Si aucun avantage fiscal ou financier n’accompagne le statut de société à mission, certains dirigeants y voient tout de même une opportunité pour développer du business, à l’image d’Olivier Da Rold, qui a fondé l’entreprise aixoise Localizz, en 2013 pour vendre en ligne des produits locaux alimentaires aux professionnels et particuliers : "il existe des aides, des appels à projets spécifiques pour les entreprises de l’économie sociale et solidaire auxquels nous ne pouvions prétendre en tant qu’entreprise traditionnelle. Notre nouveau statut va nous ouvrir de nouvelles perspectives."

Des organes de suivi et de contrôle

Le jeu en vaut la chandelle, mais les règles doivent être respectées. Contrairement à ce qui se passe pour une entreprise lambda, qui peut raconter ce qu’elle veut sur ses actions RSE, les sociétés à mission sont suivies par un comité de mission avec publication d’un rapport annuel, passé ensuite au scanner des organismes tiers indépendants (OTI). "Les OTI ont été mis en place pour éviter le "mission washing" et réalisent un audit tous les deux ans pour les entreprises de plus de 50 salariés, tous les trois ans pour les entreprises de moins de 50 salariés.
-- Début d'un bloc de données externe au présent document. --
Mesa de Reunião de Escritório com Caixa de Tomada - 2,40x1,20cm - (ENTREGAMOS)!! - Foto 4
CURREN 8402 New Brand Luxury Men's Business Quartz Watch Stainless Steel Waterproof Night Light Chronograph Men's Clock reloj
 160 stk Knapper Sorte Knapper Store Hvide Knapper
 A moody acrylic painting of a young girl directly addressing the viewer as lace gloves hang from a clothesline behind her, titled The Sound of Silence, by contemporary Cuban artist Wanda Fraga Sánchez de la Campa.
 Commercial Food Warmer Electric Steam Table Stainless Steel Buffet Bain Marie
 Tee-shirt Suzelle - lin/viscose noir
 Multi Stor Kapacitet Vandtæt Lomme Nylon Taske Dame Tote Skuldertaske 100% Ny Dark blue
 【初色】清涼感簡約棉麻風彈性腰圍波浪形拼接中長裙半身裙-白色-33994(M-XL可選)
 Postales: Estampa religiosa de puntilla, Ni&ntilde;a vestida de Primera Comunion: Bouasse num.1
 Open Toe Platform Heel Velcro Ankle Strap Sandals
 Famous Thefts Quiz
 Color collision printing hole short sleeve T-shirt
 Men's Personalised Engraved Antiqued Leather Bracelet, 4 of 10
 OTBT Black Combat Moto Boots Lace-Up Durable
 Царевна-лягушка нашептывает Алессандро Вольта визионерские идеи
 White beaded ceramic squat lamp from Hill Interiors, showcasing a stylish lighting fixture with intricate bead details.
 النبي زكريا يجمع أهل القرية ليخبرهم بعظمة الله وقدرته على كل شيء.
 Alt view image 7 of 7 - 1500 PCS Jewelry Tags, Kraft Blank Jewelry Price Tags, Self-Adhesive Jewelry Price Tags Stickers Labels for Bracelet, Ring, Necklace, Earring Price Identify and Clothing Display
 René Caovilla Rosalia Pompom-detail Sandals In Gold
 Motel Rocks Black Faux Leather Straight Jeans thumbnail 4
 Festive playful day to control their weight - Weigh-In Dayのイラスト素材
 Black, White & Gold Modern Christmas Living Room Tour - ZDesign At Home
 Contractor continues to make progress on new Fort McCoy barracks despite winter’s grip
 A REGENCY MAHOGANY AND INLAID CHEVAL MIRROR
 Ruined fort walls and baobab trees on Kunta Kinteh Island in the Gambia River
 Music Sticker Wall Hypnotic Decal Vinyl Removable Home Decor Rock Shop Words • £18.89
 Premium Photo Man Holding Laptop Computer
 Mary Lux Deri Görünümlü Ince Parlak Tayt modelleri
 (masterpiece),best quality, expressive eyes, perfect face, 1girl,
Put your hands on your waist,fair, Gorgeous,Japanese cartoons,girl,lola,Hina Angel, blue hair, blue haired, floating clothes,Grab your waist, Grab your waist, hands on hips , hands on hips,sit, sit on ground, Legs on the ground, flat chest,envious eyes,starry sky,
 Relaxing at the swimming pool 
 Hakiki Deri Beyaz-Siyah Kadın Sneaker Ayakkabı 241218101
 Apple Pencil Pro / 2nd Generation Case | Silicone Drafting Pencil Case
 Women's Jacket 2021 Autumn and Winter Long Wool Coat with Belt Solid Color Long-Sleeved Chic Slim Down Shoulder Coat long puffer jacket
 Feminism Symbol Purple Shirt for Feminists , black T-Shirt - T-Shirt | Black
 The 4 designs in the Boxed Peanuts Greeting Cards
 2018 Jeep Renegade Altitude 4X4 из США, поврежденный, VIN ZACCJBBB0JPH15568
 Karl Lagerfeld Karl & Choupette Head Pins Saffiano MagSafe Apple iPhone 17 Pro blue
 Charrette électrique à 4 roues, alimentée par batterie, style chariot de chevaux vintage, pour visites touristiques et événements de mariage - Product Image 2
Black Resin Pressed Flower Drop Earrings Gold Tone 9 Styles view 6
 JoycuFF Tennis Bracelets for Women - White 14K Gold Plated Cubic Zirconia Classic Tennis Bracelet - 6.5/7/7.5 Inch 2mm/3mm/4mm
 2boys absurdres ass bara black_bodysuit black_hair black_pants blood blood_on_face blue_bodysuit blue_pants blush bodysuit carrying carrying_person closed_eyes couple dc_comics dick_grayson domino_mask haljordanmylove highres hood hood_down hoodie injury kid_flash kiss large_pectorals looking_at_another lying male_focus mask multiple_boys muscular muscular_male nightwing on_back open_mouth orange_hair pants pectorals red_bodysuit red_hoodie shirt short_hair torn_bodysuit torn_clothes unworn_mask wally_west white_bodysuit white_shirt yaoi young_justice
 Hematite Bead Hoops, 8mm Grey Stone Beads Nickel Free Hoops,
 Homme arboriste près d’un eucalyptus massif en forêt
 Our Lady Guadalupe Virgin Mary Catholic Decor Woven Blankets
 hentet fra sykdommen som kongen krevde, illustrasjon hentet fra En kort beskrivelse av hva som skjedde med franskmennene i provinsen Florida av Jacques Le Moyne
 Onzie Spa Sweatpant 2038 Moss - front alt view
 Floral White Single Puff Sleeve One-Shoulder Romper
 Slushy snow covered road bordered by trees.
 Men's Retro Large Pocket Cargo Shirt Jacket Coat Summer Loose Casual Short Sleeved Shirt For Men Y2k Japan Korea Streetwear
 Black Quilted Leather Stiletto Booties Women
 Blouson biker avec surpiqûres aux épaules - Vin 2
Les avis des OTI, favorables ou non, doivent être publiés sur le site internet de l’entreprise pendant cinq ans et toute personne peut saisir le tribunal de commerce durant cette période et demander le retrait du statut de société à mission", explique Alexandra Marsiglia, directrice conseil stratégie RSE - Raison d’être au sein du cabinet Des enjeux et des hommes.

Le risque est alors clairement réputationnel. Néanmoins, ce risque ne doit pas décourager les entreprises de se lancer, mais davantage les pousser à prendre tout le temps nécessaire, voire à se faire accompagner avant de se déclarer au grand jour. L’Institut régional des chefs d’entreprise propose un cursus de formation, le Medef Sud, également, avec Cap Raison d’Être, son président Yvon Grosso étant convaincu qu’en plus de contribuer au bien commun, cet acte volontariste constitue un levier de performance pour l’entreprise. D’ailleurs, il s’est lui-même lancé dans l’aventure avec son groupe Agyca (70 collaborateurs, CA 2021 : 20 M€), installé à Nice et spécialiste des ressources humaines. "Sur 140 inscrits, 100 à 110 dirigeants continuent de suivre la formation du Medef Sud. Certains iront jusqu’au statut de société à mission, car ils ont l’envie d’aller un cran plus loin et d’exprimer publiquement leur raison d’être et leurs engagements", précise Alexandra Marsiglia. En région Paca, comme ailleurs, le mouvement est donc en marche, rejoignant la conviction de Samuel Olichon qui pense que dans 30 ans, la plupart des entreprises seront entreprises à mission ou auront au moins une vision similaire. "Vue l’urgence à la fois climatique et sociale, ce n’est plus qu’une question de temps pour que toutes les entreprises s’y mettent", confirme Anne Mollet.